Mon, 12 Mar 2001

The U.S. economy and Europe's hour

By Lei Da

SEOUL: The U.S. economy is noticeably and inevitably reverting to the traditional cycle approach after more than 100 months of amazingly uninterrupted growth.

Since the end of last year, the U.S. growth rate has been declining drastically, casting doubts on the durability of the New Economy paradigm that has drawn so much attention during the last few years, and altering the balance of global growth in 2001.

As it seems to be a worldwide acceptance that when the U.S. sneezes the world economy catches a cold, somebody may suspect that the American slow-down may be signaling the epilogue of the New Economy era for the global economy. The fade-out of the U.S. high growth image is about to raise the curtain for the prologue of Europe's New Economy.

Technological progress is one of the most important factors propelling economic growth. Throughout history, technological innovation had impetus effects on most industrial countries for over a decade.

The very first and direct beneficiary was the core country where new technologies were invented and applied.
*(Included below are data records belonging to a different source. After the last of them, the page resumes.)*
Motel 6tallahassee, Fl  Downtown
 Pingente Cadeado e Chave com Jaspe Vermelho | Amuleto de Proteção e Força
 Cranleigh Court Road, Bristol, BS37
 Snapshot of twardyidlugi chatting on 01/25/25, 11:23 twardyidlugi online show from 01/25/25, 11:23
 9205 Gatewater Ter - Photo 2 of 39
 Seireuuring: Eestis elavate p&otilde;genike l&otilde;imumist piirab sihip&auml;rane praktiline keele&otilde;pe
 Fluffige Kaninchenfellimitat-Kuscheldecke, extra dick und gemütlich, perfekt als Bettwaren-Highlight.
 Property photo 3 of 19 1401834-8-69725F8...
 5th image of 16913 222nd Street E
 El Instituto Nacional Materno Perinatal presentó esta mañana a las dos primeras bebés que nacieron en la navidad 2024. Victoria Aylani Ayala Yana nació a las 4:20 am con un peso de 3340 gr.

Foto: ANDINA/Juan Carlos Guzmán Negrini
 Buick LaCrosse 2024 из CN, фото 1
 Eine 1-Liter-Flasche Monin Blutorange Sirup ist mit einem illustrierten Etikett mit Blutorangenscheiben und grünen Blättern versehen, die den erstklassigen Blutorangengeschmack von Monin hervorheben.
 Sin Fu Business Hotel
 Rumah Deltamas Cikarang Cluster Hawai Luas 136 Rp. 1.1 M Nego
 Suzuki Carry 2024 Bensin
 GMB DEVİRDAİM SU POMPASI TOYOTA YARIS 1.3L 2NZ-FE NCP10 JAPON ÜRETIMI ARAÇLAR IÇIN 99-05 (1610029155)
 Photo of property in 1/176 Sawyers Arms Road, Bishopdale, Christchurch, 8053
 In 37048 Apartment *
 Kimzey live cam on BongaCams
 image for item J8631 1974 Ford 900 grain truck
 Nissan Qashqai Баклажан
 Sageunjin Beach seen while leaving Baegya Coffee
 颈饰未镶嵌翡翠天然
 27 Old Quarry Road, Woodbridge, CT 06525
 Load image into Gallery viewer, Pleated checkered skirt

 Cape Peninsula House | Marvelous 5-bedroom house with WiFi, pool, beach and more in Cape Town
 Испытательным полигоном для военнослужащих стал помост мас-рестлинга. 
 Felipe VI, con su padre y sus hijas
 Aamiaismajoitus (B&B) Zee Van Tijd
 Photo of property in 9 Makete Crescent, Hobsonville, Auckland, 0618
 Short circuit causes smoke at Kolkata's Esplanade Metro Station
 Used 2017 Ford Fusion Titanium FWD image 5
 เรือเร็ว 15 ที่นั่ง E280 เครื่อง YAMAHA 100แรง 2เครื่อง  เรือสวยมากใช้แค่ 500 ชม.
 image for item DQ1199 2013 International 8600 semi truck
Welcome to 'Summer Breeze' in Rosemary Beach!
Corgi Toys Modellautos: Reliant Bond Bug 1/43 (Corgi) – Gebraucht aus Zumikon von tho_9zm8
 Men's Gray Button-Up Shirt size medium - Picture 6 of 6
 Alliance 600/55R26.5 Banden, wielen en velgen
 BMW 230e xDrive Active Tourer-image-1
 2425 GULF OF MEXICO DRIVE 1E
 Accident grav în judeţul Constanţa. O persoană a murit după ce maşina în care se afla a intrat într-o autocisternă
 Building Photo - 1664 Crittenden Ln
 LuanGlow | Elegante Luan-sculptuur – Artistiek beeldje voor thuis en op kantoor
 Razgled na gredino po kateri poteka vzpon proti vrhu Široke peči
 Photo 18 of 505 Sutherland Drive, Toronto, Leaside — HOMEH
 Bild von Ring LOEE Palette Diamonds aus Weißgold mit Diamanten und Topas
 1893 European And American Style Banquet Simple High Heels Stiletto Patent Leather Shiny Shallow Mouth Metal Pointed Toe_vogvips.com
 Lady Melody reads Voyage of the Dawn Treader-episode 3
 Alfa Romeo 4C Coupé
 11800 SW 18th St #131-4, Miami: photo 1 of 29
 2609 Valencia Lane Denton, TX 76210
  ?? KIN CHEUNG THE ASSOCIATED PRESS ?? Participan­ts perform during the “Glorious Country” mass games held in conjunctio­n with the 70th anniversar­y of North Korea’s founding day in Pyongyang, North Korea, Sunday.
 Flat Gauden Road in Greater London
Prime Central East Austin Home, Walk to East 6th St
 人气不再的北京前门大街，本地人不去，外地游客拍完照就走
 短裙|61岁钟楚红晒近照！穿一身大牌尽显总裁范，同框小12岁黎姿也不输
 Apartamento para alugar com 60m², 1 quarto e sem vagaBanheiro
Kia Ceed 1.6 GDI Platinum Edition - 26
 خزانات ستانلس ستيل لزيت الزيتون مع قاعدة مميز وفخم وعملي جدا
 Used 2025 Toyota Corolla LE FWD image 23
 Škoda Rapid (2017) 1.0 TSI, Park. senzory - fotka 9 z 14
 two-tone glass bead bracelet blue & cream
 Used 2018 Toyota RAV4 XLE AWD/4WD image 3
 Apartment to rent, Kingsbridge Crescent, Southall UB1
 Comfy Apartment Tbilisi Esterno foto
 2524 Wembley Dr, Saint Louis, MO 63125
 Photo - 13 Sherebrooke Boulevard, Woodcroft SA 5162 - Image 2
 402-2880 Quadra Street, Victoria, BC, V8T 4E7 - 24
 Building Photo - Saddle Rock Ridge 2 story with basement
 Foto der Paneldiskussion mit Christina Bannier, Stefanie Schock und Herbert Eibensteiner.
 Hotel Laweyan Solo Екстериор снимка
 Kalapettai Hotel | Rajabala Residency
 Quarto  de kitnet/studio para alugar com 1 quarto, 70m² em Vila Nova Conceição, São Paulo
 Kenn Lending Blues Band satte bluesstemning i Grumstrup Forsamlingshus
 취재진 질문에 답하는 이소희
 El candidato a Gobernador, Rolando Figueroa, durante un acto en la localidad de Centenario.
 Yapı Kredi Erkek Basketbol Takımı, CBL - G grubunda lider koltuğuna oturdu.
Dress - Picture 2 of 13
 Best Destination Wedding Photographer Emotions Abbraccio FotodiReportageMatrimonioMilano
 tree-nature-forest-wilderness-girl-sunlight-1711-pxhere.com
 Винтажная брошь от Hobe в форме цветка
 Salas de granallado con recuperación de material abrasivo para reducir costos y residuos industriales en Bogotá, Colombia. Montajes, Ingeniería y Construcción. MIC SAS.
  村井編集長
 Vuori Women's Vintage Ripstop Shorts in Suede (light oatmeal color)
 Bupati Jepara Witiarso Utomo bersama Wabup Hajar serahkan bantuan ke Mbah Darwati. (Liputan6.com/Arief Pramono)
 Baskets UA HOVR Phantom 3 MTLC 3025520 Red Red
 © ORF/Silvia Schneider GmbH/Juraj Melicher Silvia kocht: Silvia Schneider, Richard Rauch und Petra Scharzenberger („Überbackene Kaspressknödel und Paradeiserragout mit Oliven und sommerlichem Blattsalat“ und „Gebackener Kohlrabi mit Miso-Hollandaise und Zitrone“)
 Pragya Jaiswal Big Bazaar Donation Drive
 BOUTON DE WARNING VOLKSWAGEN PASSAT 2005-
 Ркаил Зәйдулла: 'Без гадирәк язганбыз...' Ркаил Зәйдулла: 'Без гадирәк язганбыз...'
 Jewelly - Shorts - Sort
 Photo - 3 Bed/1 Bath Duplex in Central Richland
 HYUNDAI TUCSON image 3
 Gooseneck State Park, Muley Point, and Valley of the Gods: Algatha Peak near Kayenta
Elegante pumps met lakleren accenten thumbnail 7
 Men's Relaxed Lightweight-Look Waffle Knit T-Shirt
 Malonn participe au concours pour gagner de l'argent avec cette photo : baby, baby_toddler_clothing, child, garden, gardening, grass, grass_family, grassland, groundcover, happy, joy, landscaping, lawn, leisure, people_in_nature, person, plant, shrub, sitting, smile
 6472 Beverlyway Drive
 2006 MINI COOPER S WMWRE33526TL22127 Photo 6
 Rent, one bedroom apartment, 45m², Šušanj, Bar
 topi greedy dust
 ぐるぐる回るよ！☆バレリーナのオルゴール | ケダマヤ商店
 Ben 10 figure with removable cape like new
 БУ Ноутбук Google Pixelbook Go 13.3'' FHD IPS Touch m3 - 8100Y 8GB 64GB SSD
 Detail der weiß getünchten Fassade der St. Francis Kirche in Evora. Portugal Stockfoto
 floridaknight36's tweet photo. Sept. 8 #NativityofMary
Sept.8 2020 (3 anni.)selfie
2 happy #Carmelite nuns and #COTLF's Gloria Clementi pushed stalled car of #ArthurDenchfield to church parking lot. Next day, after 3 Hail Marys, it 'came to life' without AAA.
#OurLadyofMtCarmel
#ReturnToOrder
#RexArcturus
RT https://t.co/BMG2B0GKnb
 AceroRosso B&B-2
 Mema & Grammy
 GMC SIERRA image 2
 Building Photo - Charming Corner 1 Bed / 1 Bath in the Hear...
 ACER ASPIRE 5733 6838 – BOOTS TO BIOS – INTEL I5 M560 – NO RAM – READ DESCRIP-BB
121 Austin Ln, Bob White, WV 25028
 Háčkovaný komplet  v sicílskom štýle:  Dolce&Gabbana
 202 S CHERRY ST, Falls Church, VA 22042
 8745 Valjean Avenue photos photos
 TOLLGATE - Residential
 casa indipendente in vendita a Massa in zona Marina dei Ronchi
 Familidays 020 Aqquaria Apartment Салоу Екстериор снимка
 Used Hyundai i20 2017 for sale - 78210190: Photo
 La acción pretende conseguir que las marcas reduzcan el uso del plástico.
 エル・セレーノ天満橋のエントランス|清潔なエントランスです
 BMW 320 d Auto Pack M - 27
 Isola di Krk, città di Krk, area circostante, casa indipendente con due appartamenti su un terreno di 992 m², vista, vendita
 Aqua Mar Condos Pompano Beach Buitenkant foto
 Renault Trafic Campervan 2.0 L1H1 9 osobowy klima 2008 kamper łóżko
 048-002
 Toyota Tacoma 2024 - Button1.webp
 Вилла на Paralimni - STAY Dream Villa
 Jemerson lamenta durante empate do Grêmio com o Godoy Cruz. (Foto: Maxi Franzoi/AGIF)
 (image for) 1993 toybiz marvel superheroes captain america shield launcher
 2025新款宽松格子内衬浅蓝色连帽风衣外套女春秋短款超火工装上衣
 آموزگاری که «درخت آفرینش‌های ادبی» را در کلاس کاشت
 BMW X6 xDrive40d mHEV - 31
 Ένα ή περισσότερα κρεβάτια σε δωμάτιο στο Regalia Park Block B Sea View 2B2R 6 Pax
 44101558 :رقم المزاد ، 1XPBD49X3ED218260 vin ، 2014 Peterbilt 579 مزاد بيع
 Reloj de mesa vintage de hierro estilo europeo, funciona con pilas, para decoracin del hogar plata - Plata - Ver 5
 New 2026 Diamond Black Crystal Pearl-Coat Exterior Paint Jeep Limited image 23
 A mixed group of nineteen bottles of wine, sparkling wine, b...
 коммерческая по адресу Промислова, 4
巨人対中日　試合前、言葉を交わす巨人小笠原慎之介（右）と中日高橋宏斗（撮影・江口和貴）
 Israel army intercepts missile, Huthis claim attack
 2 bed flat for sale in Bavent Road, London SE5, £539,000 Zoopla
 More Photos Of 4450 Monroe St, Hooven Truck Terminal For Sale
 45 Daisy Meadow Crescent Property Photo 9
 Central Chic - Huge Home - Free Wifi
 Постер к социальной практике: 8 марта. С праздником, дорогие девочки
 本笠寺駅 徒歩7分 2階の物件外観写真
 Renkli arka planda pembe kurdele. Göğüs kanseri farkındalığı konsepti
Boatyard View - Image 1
Then the spillover effect gradually spread the new technologies to peripheral countries.

The extent to which a single nation could take over and benefit from this effect depended largely upon its level of economic development and natural resources. In the late 1990s, when the United States enjoyed its super-long growth period, boosted by information technology innovations, the rest of the world was left behind.

Most Asian countries were striving to recover from financial crises. In Europe, particularly in the euro zone, a conspicuously weak euro, coupled with low interest rates characterized a relatively weak real economy.

Thus it is evident that so far only the United States -- the core country -- has benefited from information technology innovations in terms of economic growth.

Other economies, including Europe's, though reaping initial gains from IT innovations in some individual industries, have not seen the great improvement that ought to have been brought about by technologies for the economy as a whole.

If history repeats itself in the sense that the spillover effect of IT spreads from the United States to other countries and boosts economic development in these countries, then the slowdown of the U.S. New Economy implies the beginning of the New Economy elsewhere.

In the 1970s and 1980s, a triangular polar structure developed after European countries and Japan had caught up with the United States by using technologies transferred from the latter. Since then emerging markets in East Asia, including South Korea, began to catch up as well.

During this period, world economic growth accelerated dramatically. New technologies had found a home in overseas markets after their growth potential had been exhausted in the United States.

In the context of the New Economy, it is very likely that the new productivity gap is expected to be bridged and eliminated in keeping with the process of IT influences spreading to the rest of the world.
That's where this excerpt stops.